◆ Problem description
Repeat, line for line, only the span that opens at the "Sunny pondside chat" line and closes at the final line below. Skip the pictures.

◆ Data excerpts
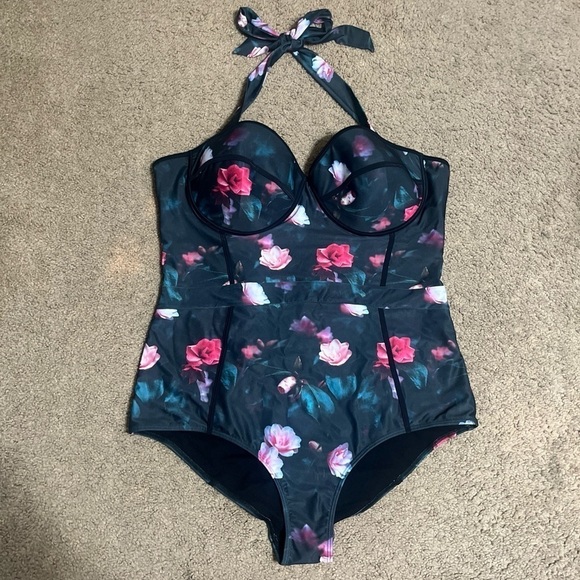 Noblesse Oblige ModCloth The Pippa Floral One Piece Swimsuit 4X - Picture 2 of 11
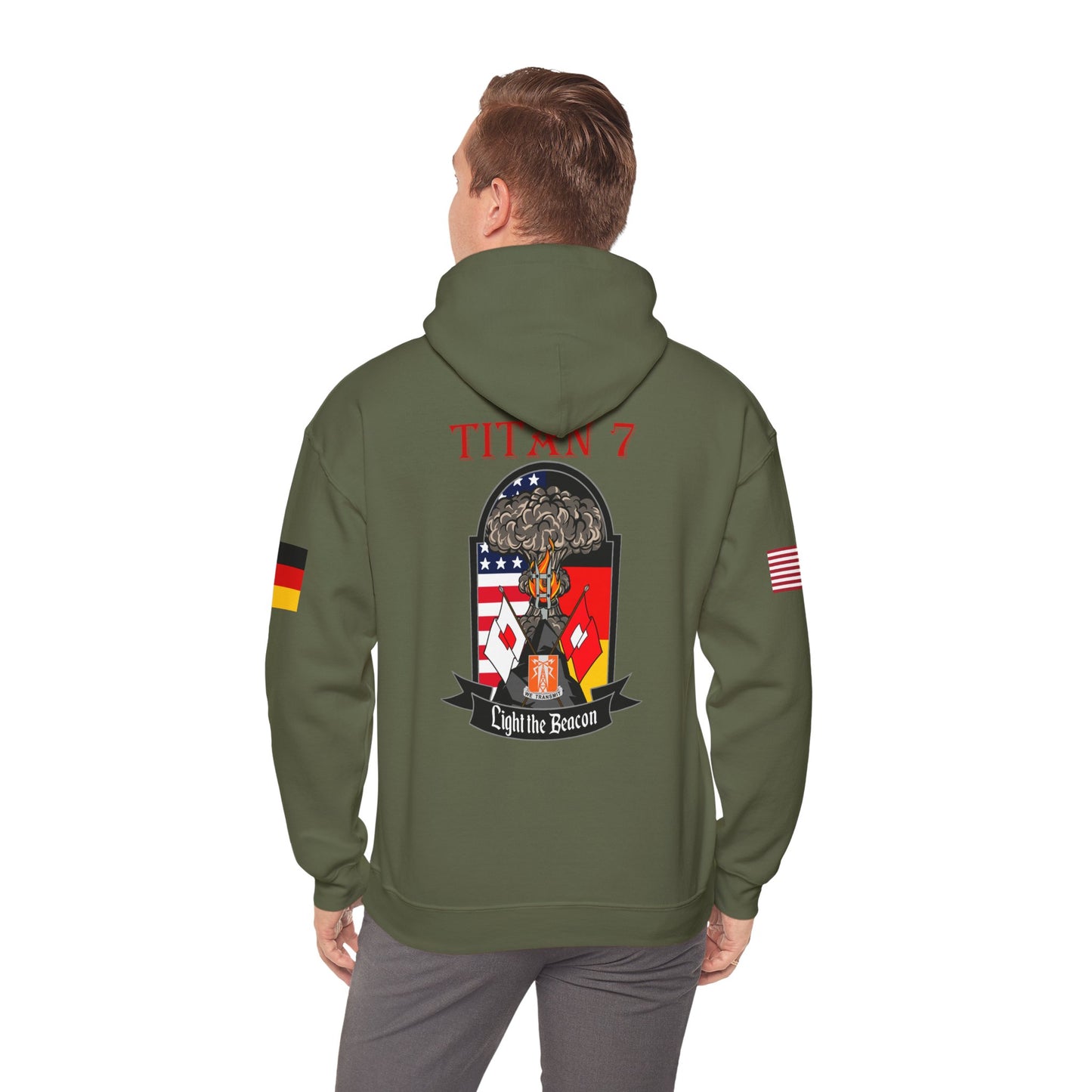 Titan 7 Call Sign -  USANEC-S - Flags on Sleeves - Unisex Heavy Blend™ Hooded Sweatshirt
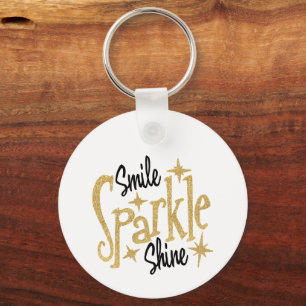 Smile Sparkle Shine Inspirational Keychain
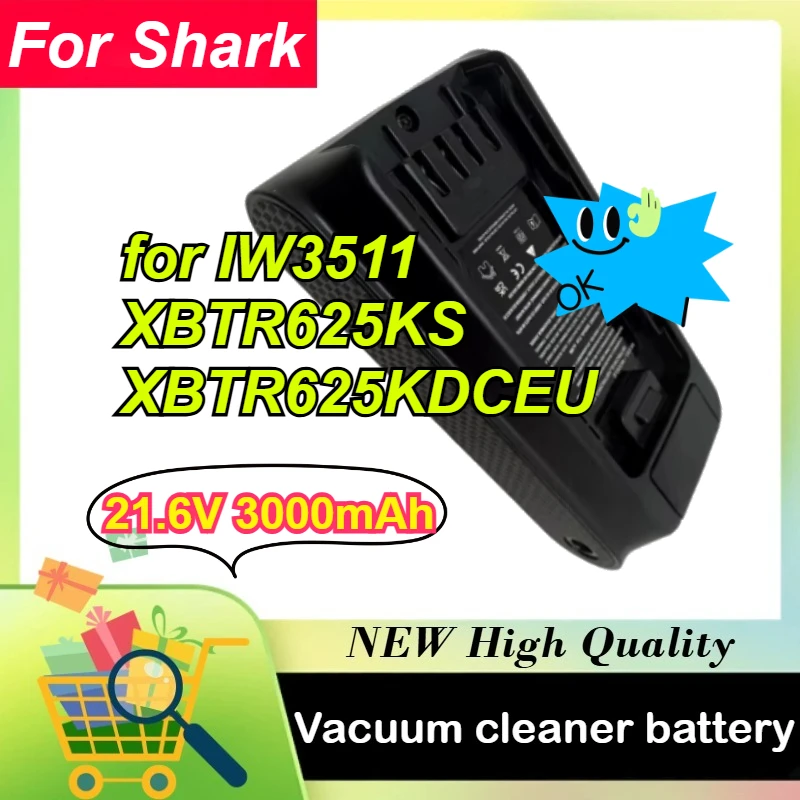 Сменный аккумулятор для пылесоса Shark IW3511 XBTR625KS XBTR625KDCEU 21.6V 3000mAh с зарядным устройством
Сменный аккумулятор для пылесоса Shark IW3511 XBTR625KS XBTR625KDCEU 21.6V 3000mAh с зарядным устройством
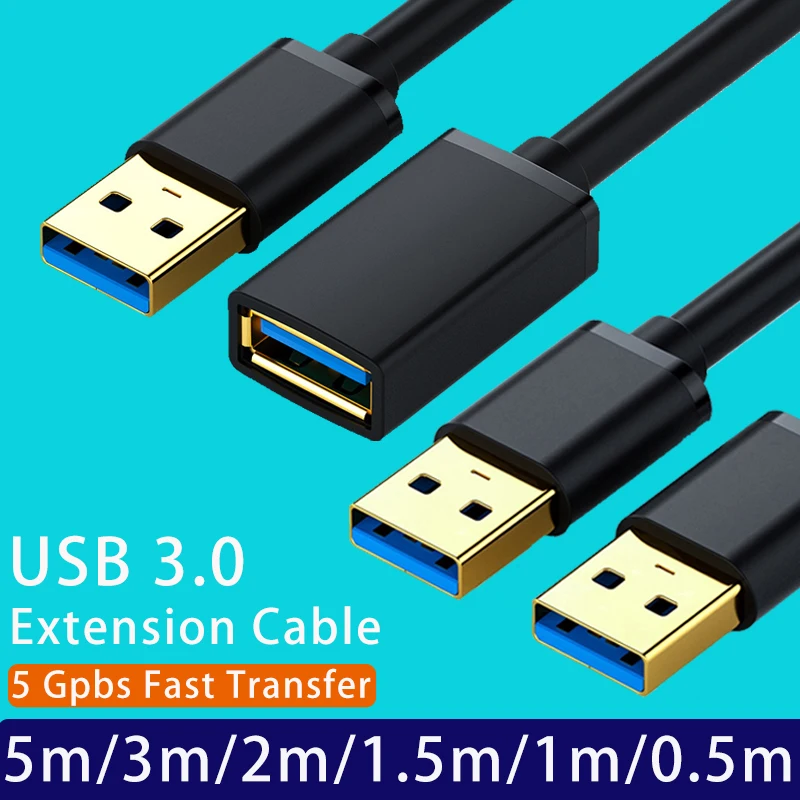 USB 3.0 przedłużacz USB męski do żeńskiego kabla danych USB3.0 przedłużacz do Smart TV PS4 Xbox SSD PC szybkie rozszerzenie przewód danych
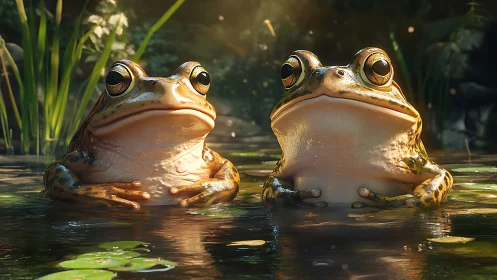 Sunny pondside chat with two wonderfully patient frogs.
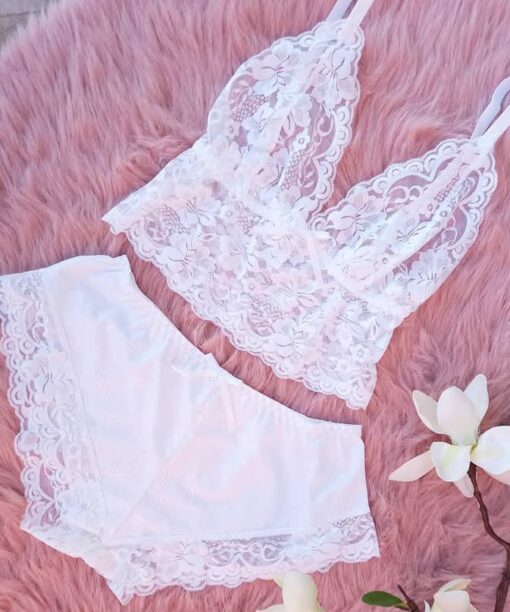 Bustier et Short en Dentelle Blanc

◆ Exercise output
 Sunny pondside chat with two wonderfully patient frogs.
 Bustier et Short en Dentelle Blanc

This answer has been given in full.